REQUIRED WORK.
Give the number of lines in the records below that contain the word "with", and nothing more.

WORKING DATA.

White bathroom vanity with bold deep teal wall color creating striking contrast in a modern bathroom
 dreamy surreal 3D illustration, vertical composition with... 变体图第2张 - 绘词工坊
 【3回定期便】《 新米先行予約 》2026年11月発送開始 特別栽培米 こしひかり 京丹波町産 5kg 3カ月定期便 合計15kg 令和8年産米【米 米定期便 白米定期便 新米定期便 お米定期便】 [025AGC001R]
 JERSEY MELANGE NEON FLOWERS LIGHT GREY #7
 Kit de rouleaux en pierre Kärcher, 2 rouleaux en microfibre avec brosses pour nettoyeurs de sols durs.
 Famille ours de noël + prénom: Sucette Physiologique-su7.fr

WRITTEN REPLY.
2